● What to do: Print the data that follows exactly as it stands, from its first line through the line containing "Delta Electronics 的 DVS-005W01 工业以太网交换机图片", and stop there.

Data entries:
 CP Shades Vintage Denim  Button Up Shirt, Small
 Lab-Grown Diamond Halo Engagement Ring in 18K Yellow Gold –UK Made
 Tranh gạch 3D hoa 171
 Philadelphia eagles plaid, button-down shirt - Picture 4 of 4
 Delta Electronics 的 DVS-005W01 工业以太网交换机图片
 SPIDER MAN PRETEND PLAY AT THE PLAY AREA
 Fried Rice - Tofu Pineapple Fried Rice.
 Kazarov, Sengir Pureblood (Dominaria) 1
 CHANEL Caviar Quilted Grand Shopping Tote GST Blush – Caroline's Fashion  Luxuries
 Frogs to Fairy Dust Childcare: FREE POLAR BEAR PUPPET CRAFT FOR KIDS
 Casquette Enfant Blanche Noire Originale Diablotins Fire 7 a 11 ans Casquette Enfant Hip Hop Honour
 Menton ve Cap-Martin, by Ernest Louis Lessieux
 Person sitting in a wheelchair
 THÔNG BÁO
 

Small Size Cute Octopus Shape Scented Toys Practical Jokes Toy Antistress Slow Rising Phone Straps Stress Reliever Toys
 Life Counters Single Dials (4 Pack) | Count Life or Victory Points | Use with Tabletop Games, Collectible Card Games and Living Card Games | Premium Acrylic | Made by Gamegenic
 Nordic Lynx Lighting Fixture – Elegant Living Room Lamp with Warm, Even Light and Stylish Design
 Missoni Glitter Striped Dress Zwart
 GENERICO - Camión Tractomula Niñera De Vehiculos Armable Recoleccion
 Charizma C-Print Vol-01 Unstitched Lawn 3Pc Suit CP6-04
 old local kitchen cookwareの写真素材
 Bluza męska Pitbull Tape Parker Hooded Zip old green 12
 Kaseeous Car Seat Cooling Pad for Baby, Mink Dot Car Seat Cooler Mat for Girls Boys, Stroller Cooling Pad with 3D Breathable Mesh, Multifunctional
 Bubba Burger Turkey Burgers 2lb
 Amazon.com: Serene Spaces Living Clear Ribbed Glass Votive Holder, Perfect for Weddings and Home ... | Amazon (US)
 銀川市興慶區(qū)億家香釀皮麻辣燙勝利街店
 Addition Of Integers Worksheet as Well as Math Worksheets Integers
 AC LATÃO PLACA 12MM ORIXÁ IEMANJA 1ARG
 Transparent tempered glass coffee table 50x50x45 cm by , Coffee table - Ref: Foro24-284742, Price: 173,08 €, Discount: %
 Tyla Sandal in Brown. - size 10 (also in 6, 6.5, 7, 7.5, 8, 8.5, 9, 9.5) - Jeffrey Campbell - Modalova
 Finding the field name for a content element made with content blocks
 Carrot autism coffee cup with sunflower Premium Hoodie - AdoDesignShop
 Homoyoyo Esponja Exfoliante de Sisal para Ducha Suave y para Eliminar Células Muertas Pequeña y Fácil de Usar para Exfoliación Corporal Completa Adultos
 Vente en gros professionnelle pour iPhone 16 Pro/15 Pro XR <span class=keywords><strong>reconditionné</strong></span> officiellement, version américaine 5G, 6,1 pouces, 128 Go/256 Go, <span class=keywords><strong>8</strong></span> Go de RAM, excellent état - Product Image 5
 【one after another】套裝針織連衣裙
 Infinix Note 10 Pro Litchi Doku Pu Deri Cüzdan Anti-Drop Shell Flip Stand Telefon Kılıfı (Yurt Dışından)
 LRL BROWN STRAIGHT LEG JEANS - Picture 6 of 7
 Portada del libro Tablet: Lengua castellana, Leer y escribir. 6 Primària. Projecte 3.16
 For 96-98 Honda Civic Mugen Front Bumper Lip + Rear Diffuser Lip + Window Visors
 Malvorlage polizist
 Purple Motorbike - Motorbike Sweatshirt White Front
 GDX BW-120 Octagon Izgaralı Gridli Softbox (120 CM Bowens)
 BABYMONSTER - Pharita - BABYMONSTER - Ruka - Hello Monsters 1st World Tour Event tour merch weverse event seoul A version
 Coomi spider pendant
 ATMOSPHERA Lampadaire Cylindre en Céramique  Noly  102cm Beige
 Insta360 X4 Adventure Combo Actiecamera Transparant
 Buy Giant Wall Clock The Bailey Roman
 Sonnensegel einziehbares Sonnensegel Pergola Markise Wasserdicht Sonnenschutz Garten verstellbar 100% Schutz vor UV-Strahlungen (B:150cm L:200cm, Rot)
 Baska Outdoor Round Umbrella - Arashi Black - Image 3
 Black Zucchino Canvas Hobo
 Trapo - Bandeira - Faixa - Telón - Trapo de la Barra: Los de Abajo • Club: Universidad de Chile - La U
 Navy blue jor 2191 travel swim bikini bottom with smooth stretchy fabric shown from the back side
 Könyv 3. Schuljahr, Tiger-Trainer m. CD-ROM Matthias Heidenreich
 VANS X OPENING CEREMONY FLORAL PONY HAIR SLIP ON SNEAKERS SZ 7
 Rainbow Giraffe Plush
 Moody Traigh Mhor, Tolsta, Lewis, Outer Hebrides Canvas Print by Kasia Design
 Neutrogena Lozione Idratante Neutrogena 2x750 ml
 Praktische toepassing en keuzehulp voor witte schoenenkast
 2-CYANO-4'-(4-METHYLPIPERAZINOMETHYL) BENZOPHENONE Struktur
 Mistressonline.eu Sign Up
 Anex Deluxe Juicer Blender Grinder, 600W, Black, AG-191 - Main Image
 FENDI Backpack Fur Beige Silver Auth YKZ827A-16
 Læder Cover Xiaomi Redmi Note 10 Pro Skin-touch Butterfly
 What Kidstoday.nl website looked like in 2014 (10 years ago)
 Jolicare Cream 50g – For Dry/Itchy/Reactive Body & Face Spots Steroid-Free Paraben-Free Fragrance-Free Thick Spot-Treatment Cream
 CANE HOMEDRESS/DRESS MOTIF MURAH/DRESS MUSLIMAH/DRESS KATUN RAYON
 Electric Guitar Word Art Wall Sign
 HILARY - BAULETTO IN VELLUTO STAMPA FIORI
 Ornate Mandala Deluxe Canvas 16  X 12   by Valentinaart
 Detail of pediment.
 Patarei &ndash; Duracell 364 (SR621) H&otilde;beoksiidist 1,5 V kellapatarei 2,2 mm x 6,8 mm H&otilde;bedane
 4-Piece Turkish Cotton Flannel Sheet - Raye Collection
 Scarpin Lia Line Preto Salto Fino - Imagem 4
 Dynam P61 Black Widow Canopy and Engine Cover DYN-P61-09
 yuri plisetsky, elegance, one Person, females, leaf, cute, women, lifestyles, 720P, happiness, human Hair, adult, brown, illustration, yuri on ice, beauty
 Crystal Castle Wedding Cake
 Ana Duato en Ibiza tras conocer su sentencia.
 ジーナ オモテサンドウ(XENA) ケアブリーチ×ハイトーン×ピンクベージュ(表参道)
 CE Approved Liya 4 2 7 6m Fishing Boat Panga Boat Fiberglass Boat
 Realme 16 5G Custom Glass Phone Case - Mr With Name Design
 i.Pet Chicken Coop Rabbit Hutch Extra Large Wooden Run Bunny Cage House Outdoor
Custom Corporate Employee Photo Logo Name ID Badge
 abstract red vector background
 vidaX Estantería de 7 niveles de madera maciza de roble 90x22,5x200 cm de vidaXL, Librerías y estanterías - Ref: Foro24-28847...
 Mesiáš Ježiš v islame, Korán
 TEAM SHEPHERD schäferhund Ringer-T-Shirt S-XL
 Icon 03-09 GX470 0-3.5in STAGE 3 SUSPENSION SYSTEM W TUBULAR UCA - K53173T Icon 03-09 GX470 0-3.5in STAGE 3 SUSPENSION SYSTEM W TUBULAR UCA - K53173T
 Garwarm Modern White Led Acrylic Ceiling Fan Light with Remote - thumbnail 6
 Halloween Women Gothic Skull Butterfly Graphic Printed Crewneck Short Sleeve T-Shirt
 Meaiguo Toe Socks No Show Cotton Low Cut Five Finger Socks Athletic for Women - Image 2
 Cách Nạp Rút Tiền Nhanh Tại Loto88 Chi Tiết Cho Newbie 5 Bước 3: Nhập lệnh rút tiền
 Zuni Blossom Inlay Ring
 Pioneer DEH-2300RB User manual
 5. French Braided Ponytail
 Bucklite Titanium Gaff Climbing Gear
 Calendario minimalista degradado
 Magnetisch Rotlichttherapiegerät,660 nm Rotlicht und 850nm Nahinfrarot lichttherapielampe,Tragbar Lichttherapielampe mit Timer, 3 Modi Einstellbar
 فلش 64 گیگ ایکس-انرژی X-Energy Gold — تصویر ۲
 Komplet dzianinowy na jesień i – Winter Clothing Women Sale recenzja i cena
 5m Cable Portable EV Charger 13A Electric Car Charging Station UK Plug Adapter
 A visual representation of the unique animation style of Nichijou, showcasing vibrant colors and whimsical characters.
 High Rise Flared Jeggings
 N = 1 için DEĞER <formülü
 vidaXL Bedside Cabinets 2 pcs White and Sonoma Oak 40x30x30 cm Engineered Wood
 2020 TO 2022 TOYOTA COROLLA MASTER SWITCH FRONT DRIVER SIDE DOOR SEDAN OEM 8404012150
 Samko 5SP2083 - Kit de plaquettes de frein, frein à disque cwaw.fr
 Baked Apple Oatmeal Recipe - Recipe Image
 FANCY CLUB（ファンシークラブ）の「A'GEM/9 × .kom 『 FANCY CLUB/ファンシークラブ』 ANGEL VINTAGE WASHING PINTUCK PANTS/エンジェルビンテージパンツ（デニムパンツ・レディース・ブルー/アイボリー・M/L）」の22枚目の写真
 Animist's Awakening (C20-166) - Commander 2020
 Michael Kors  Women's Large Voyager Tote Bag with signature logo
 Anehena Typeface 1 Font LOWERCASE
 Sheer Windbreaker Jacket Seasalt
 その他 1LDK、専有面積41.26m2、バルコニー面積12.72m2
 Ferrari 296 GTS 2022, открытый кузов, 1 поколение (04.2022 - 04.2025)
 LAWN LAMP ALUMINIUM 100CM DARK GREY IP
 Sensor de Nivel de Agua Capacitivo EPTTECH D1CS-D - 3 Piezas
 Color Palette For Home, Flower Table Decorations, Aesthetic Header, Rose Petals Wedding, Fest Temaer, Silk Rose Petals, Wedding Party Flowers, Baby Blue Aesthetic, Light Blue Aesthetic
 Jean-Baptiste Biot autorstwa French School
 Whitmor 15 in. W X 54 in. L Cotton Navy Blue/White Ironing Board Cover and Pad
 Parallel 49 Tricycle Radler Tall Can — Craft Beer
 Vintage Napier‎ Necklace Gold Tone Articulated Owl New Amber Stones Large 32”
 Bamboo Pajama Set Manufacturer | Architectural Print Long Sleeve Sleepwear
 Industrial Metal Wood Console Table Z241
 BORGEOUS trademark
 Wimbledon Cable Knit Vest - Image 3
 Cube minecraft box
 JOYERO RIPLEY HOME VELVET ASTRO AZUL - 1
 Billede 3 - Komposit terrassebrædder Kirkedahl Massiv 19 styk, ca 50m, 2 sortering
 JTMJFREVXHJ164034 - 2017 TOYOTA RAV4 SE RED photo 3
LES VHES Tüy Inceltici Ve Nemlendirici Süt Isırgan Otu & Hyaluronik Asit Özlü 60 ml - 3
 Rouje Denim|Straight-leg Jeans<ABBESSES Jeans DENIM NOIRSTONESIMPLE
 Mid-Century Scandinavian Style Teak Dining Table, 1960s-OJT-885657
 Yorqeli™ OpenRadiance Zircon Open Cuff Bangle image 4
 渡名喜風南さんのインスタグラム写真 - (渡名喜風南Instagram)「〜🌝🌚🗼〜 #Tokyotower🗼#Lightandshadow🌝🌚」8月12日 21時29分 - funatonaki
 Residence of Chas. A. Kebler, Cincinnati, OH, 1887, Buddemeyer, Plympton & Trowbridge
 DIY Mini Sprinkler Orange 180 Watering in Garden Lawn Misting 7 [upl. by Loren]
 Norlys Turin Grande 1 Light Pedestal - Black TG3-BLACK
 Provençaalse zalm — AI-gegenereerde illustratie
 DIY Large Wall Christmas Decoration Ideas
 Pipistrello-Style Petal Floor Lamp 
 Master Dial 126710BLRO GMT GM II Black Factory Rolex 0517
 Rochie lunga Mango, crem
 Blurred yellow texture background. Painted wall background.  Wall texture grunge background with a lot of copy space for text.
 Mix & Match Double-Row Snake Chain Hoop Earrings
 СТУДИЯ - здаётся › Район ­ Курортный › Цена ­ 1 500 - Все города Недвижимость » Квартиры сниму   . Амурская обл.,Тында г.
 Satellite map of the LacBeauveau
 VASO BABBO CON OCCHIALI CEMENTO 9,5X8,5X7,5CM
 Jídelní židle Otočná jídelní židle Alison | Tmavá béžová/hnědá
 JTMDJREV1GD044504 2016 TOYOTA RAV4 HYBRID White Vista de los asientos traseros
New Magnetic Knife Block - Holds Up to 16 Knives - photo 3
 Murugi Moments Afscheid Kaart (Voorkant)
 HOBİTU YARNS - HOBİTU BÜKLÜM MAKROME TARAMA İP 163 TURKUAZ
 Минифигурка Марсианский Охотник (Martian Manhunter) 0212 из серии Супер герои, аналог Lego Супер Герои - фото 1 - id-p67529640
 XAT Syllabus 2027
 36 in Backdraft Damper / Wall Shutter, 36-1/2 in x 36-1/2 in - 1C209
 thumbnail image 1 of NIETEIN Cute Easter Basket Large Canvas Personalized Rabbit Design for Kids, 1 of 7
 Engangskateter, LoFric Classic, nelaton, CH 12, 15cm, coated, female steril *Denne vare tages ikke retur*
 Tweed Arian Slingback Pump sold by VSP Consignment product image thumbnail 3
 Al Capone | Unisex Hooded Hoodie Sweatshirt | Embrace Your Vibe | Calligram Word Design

● Your solution:
 CP Shades Vintage Denim  Button Up Shirt, Small
 Lab-Grown Diamond Halo Engagement Ring in 18K Yellow Gold –UK Made
 Tranh gạch 3D hoa 171
 Philadelphia eagles plaid, button-down shirt - Picture 4 of 4
 Delta Electronics 的 DVS-005W01 工业以太网交换机图片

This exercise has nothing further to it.